Hello, Miss Eliza!
What a coincidence that your comment came in June! While I was recently cleaning out papers, I came across the letters from Margaret Vail. (Some things I do keep.) You asked if Vail had written subsequent books. I believe she did not. She told me about one she had started, but it was in a drawer, seemingly to stay there. It recounted her husband’s return home from the War, but she gave no reason for not continuing the story. Possibly, and even likely, Robert might have not wanted his story told. After all, France and Germany had experienced a number of skirmishes over the centuries, and after his time in a German prison camp, he might not have wanted his American wife revealing anything that could in a future date, give them cause even to notice him. Margaret had been a reporter here in her country, with some major magazine such as Life, I think, and American reporters like to tell all, you know. Margaret Vail wasn’t her real name, I learned. At the moment, I can’t lay my hands on those letters—they are in another stack of papers somewhere—but if I see them again soon, I will see what I can do to enlighten you more.
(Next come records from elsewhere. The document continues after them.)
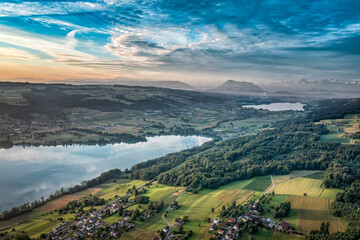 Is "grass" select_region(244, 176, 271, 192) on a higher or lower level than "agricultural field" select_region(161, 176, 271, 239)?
higher

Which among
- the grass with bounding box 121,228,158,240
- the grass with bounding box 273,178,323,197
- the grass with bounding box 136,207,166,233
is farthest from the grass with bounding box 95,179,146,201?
the grass with bounding box 273,178,323,197

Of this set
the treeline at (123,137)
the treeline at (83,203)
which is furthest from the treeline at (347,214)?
the treeline at (123,137)

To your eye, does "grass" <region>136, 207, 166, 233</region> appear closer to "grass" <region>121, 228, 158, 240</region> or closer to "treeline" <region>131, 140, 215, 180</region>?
"grass" <region>121, 228, 158, 240</region>

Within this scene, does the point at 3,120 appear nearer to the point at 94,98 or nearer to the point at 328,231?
the point at 94,98

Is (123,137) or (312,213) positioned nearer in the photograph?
(312,213)

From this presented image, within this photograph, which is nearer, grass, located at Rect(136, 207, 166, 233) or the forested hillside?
grass, located at Rect(136, 207, 166, 233)

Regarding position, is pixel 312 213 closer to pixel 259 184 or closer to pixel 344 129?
pixel 259 184

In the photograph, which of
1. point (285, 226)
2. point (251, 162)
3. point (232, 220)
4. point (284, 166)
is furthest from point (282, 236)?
point (251, 162)

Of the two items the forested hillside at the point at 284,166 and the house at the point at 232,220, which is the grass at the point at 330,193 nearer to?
the forested hillside at the point at 284,166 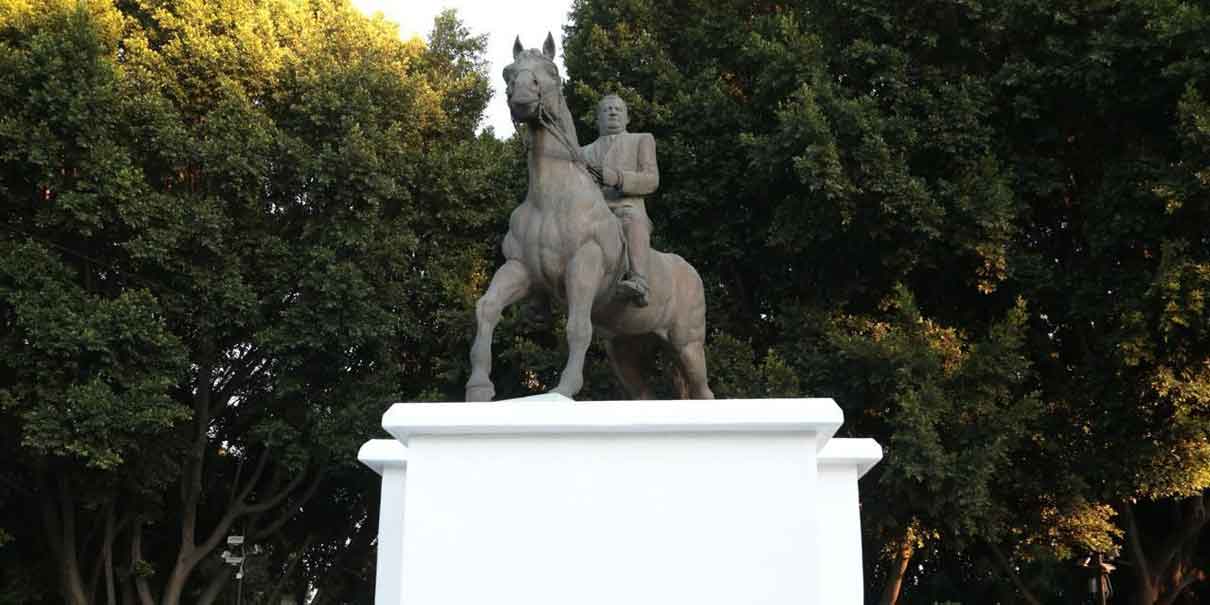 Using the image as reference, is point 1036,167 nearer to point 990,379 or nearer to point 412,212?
point 990,379

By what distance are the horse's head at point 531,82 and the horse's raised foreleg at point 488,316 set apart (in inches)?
34.3

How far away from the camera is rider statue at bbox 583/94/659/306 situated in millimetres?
6973

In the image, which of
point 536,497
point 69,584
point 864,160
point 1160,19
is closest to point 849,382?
point 864,160

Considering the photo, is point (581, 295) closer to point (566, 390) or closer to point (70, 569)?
point (566, 390)

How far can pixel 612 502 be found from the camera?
5375 millimetres

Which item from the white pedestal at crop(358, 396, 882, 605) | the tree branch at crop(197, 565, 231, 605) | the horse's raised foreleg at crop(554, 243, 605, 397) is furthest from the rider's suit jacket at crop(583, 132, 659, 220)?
the tree branch at crop(197, 565, 231, 605)

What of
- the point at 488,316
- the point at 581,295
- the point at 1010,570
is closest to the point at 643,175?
the point at 581,295

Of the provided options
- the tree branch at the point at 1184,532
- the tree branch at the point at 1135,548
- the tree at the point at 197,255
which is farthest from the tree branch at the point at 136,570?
the tree branch at the point at 1184,532

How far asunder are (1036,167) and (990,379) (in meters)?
2.89

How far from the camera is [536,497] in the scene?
5.42 meters

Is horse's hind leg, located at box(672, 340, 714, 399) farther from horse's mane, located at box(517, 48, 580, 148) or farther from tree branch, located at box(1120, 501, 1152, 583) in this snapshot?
tree branch, located at box(1120, 501, 1152, 583)

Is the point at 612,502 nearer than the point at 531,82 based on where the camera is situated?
Yes

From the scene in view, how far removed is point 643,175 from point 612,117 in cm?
53

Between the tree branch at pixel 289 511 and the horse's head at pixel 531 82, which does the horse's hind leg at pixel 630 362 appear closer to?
the horse's head at pixel 531 82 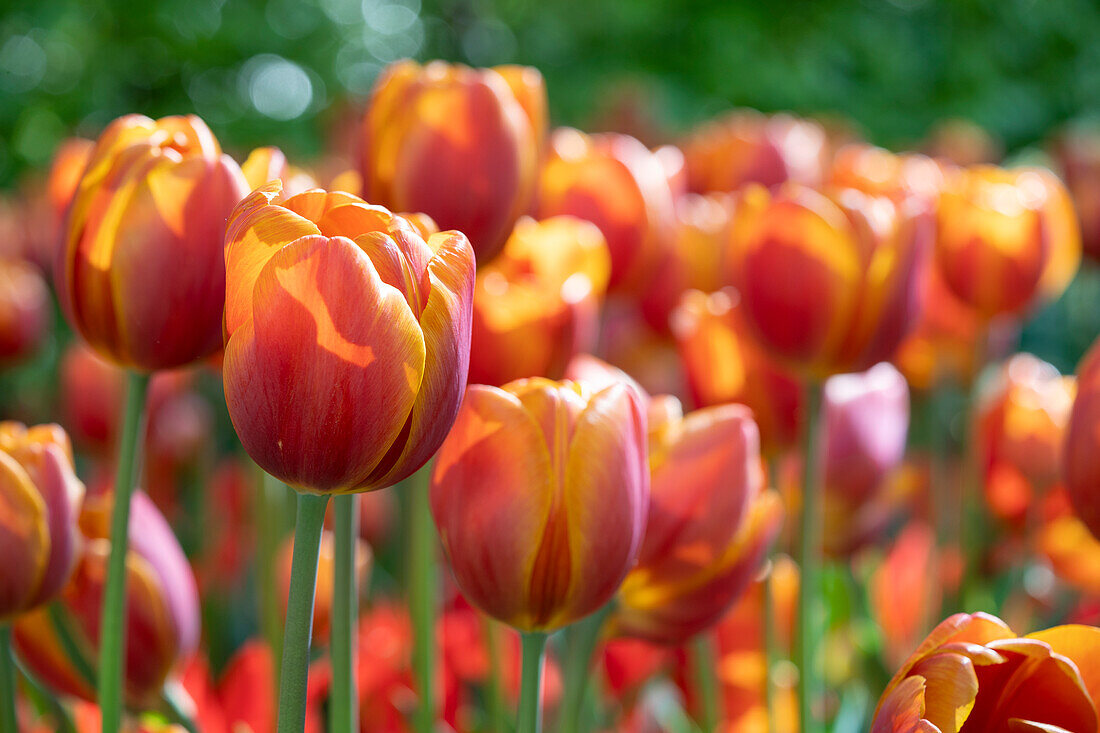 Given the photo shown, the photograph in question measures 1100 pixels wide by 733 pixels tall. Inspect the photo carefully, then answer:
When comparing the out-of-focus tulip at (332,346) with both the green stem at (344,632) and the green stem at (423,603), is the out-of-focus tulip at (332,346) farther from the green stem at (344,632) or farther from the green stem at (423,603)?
the green stem at (423,603)

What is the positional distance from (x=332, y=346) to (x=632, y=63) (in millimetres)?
2737

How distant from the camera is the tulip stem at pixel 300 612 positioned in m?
0.28

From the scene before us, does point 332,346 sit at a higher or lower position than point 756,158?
higher

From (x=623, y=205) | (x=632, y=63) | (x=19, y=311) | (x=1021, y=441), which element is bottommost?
(x=632, y=63)


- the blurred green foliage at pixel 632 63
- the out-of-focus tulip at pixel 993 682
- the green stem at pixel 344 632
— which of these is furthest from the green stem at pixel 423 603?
the blurred green foliage at pixel 632 63

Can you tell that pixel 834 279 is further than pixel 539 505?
Yes

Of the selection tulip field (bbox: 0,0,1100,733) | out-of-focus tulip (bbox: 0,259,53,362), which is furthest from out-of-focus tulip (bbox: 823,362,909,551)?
out-of-focus tulip (bbox: 0,259,53,362)

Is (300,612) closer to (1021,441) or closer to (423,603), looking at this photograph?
(423,603)

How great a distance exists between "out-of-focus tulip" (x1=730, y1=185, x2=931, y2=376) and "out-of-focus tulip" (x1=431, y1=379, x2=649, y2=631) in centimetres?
19

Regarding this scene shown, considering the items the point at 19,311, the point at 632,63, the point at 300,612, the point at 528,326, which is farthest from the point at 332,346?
the point at 632,63

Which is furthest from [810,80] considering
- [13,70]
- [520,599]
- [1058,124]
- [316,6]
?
[520,599]

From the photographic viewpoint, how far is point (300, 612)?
0.28m

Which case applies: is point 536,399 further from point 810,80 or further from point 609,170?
point 810,80

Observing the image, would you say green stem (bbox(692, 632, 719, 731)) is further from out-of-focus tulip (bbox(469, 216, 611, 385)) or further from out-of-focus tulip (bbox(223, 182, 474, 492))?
out-of-focus tulip (bbox(223, 182, 474, 492)) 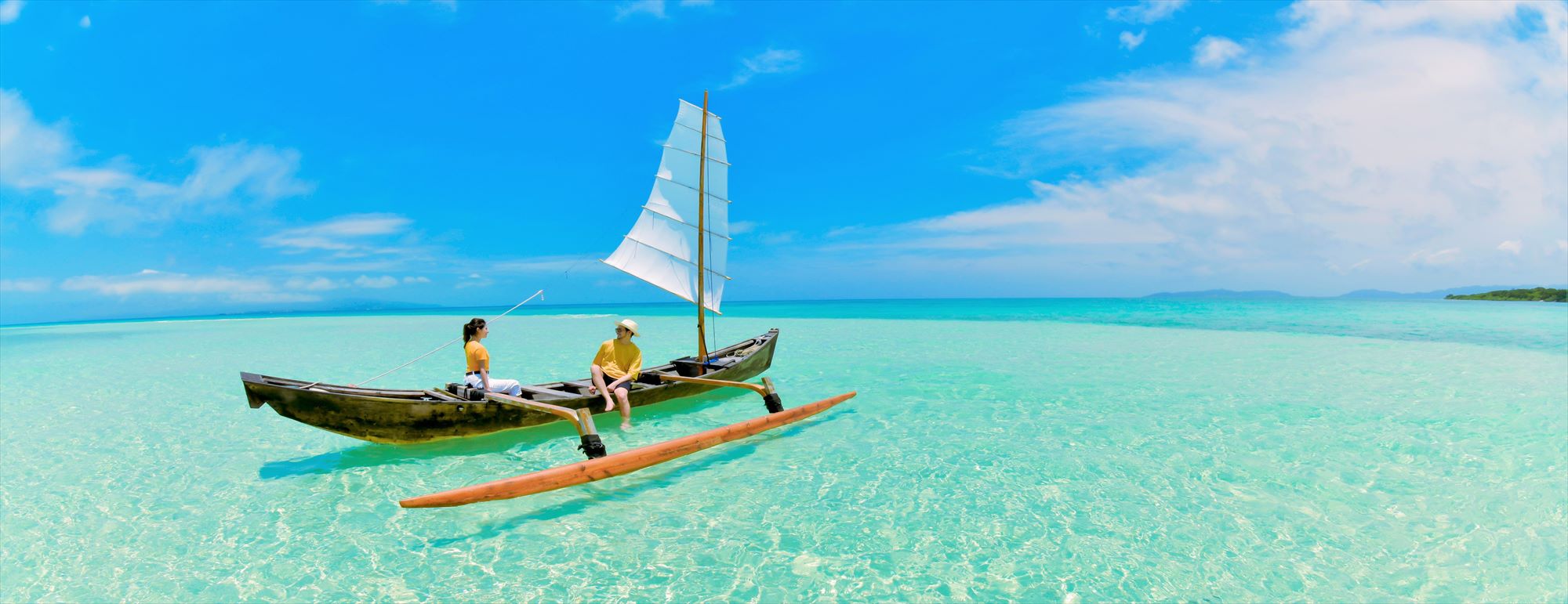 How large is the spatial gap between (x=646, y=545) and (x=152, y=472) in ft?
27.2

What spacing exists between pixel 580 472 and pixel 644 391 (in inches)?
162

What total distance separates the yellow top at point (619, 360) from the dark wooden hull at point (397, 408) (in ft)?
1.88

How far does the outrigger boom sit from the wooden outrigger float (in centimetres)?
1

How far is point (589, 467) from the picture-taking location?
7.24 m

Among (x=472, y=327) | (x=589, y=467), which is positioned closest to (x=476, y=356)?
(x=472, y=327)

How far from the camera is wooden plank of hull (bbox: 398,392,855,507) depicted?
650cm

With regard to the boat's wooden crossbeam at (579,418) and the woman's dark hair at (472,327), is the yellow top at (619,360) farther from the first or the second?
the woman's dark hair at (472,327)

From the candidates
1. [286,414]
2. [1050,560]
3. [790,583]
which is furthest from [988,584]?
[286,414]

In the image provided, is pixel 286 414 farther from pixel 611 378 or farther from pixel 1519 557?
pixel 1519 557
It may amuse you to know a special group of ten books, favorites of mine (including Yours Is the Earth), is right beside my desk. Seven of the volumes are either novels set in France or nonfiction about France. I have neither visited France nor studied its language. If you or any other readers of this blog are especially interested in reading about World War II, let me recommend an excellent nonfiction title that made fascinating reading for me and was one source of information that inspired my writing a short story now in contest. That book is Wine and War by Don and Petie Kladstrup. Although I lived through that war, a short time in military uniform near the close of the conflict, this book taught me much about the war that other historical accounts did not touch upon. And to boot, I thought continually about Margaret Vail as I read. If you liked her story, you will enjoy this one.